Mais au chapitre suivant, Faire face aux problématiques de santé publique, l’introduction du premier programme sonne comme une espèce de credo politique : « Lutter contre ces inégalités suppose une compréhension des déterminants sociaux de la santé (…) comment des empreintes enregistrées aux stades précoces de la vie modifient la susceptibilité ultérieure aux situations potentiellement pathogènes ». Les déterminants sociaux passent encore (quoiqu’on sente déjà un peu le cadre de pensée obligé) mais pourquoi nous focaliserions-nous, en France, sur le « stade précoce de la vie » ? Qui veut, en nous détournant vers des « empreintes » anciennes, empêcher la recherche de mettre au jour les injustices sociales d’aujourd’hui ? Proudhon avait déjà noté que l’exploiteur pouvait être absous de sa responsabilité sur la santé de ses ouvriers par (entre autres) le « pédantisme des savants »(1). Est-ce là le rôle dans lequel l’ANR veut nous cantonner ? La conception qu’elle nous sert ici de la santé publique semble bien dater de l’époque où « pour opprimer une classe, il [fallait] pouvoir lui garantir des conditions d’existence qui lui permettent, au moins, de vivre dans la servitude »(2).

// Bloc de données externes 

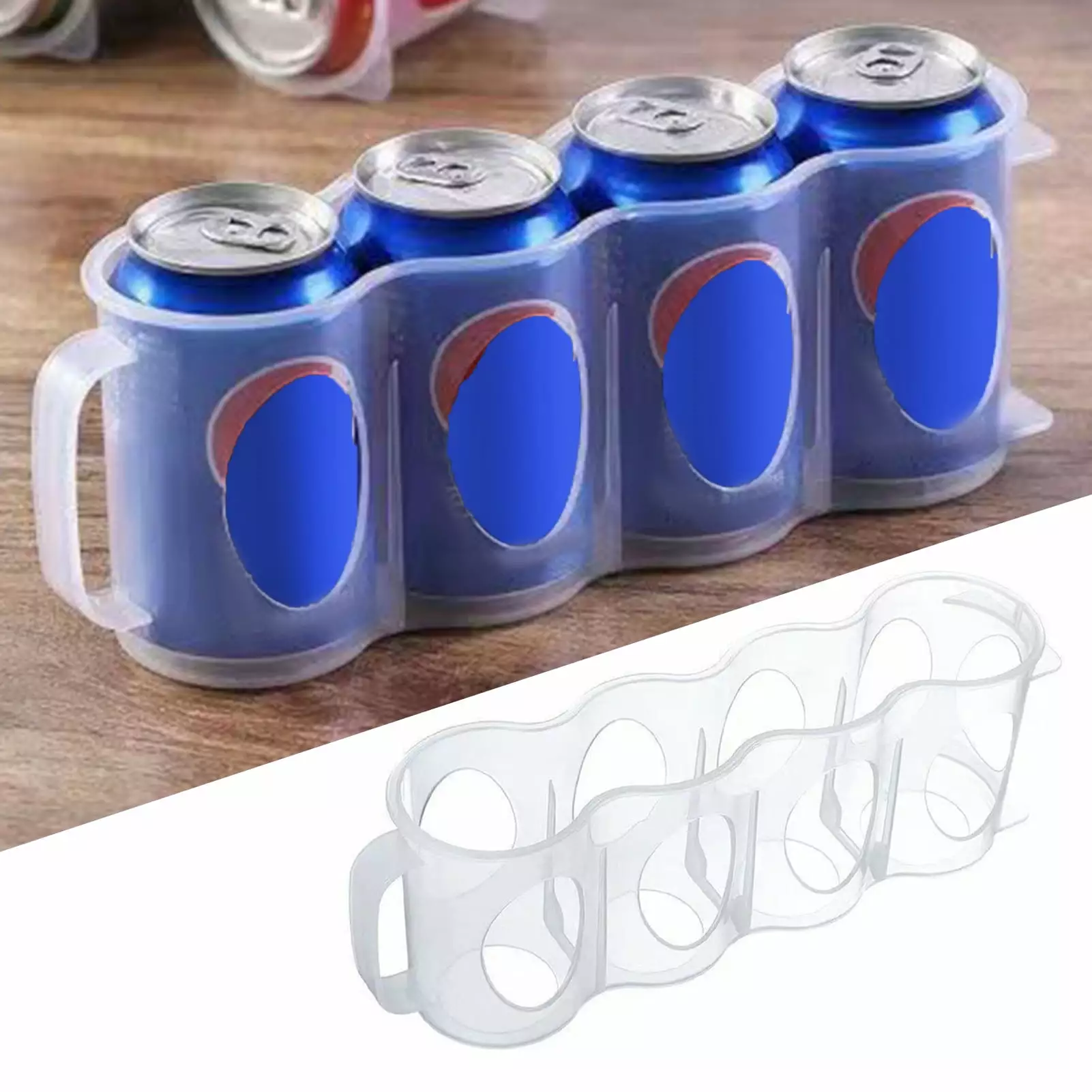 D-GROEE Portable Soda Can Organizer for Refrigerator Shelf. Beer Can Holder. Fridge Storage Sliding Rack. Clear Plastic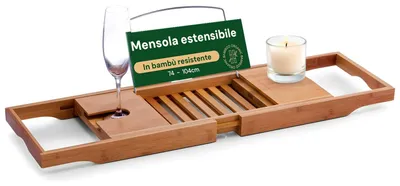 Produktbild von Badewannen-Dienblad aus Bambus, ausziehbar, 105 x 22 x 4 cm, für die Badewanne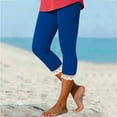 thumbnail image 1 of qelini Capris for Women Athletic Pull on Labor Day 3/4 Capris Leggings Slim Solid Color High Waisted Plus Size Yoga Gym Fashion Lightweight and Blue 2XL, 1 of 6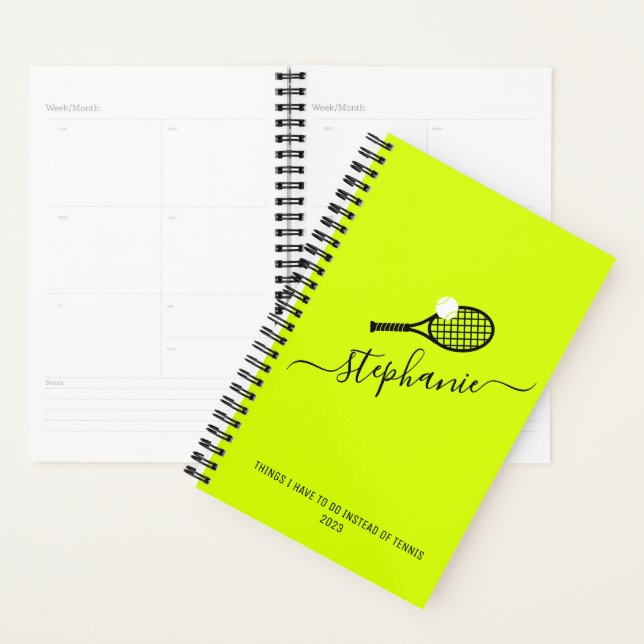 Tennis Racket Monogram Bright Personalized Undated Planner (Display)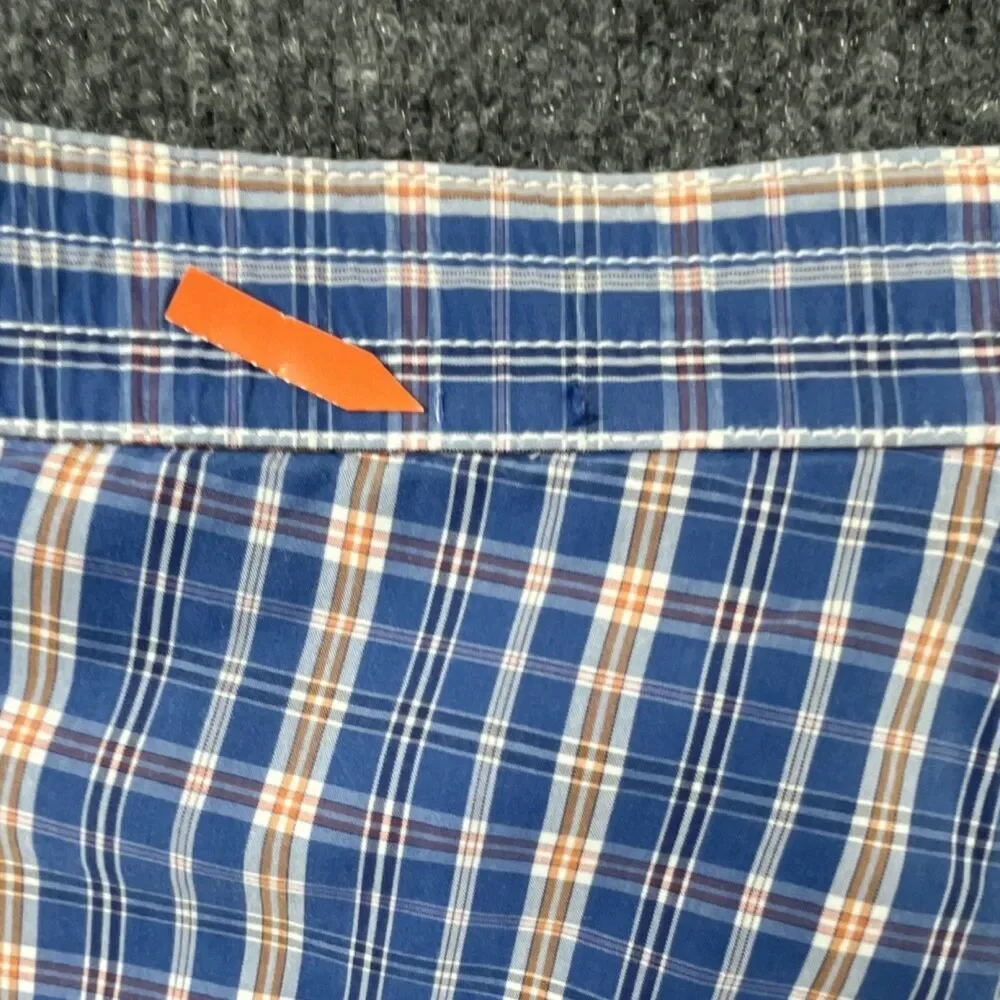 Polo Ralph Lauren Plaid Swim Trunks Blue Orange White Men's Size L Mesh Lined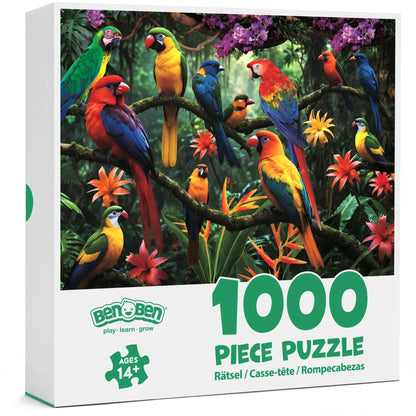 BenBen Jigsaw Puzzles 1000 Pieces for Adults Ages 12+, Parrots in the Jungle, 27.5 x 19.7 in
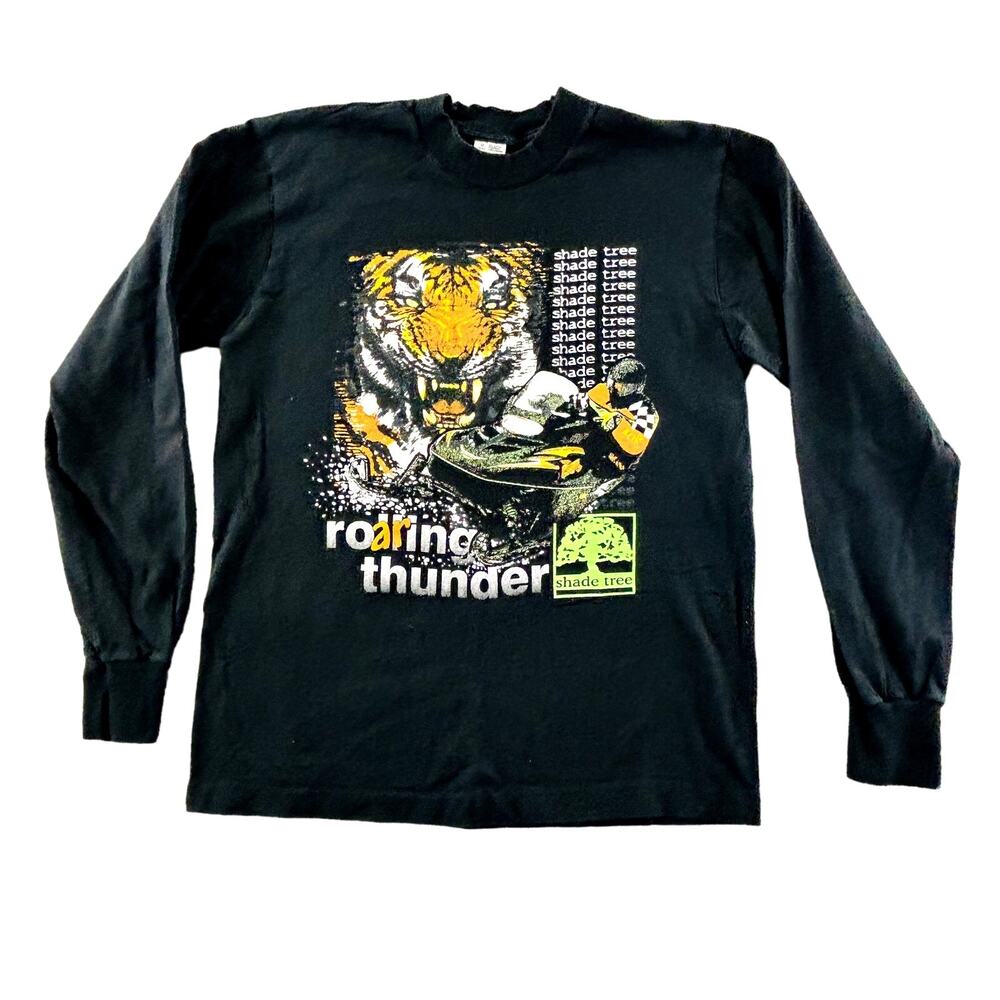 Vtg Mens M Shade Tree PowerSports‎ Tiger Rolling Thunder Snowmobile Long Sleeve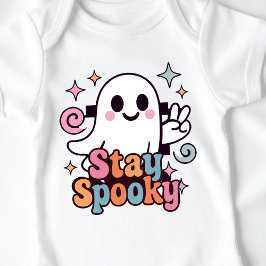 レトロでグルーヴィーなハロウィーンの幽霊 ベビーボディスーツ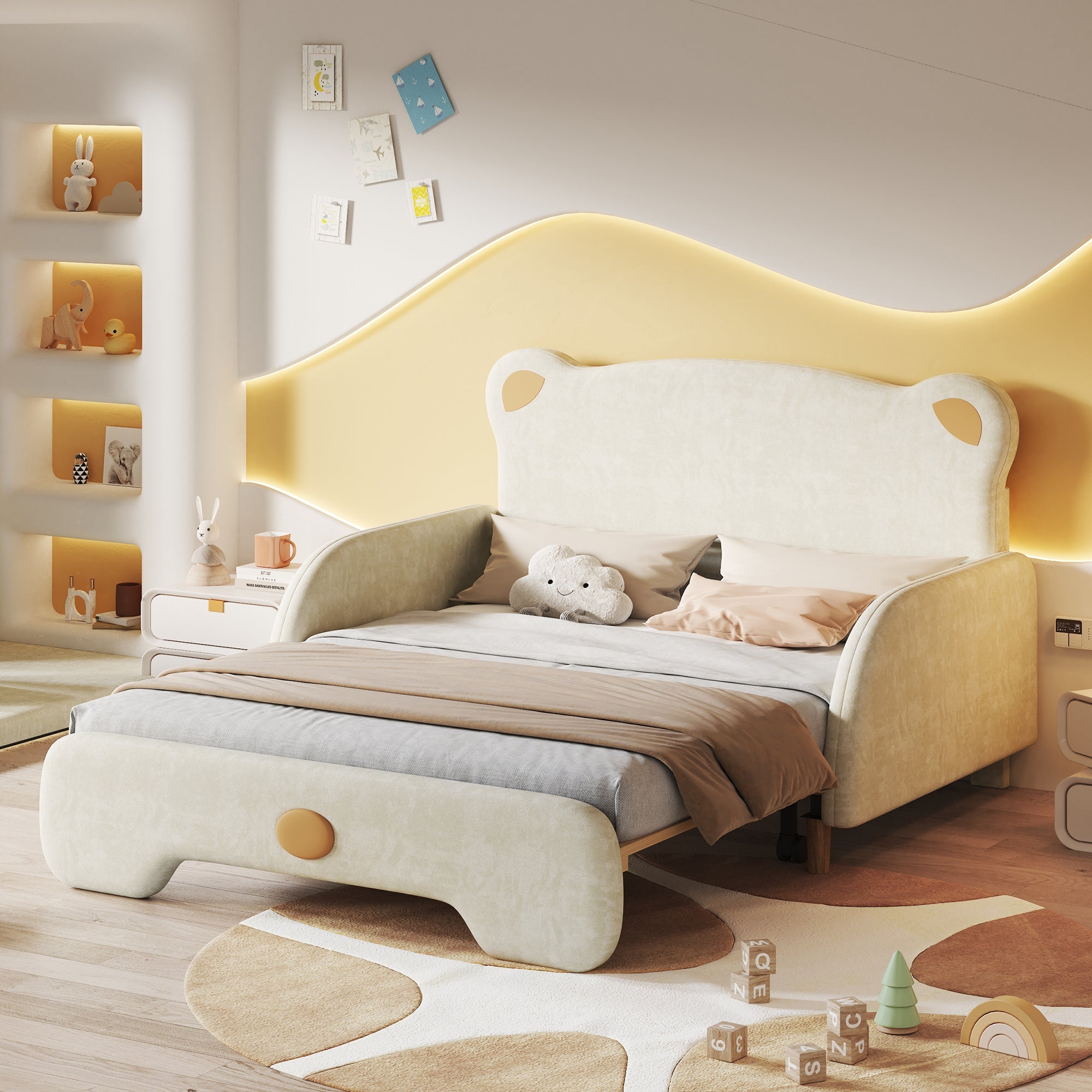 Logidon Beervorm Tweepersoonsbed Fluweel Beige 140x200 cm Uitschuifbaar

Politique féodale sous-tendue par une pensée réactionnaire … Il faut abattre cette nouvelle Bastille de la rue de Bercy. Qu’on balaie cette idéologie d’Ancien régime, qu’on dissolve cette agence complètement fourvoyée ! Et qu’on en revienne à la république des chercheurs(3).


1 De la justice dans la révolution et dans l’église, t. II, P.-J. Proudhon, Garnier, Paris, 1858.
2 Le manifeste du parti communiste, K. Marx & F. Engels, 1848.
3 selon le mot d’H. Moureu, approuvé par F. Joliot-Curie, au comité directeur du CNRS le 18 sept. 1944. Cf. Quand la recherche était une république, M. Blay, Armand Colin, Paris, 2011.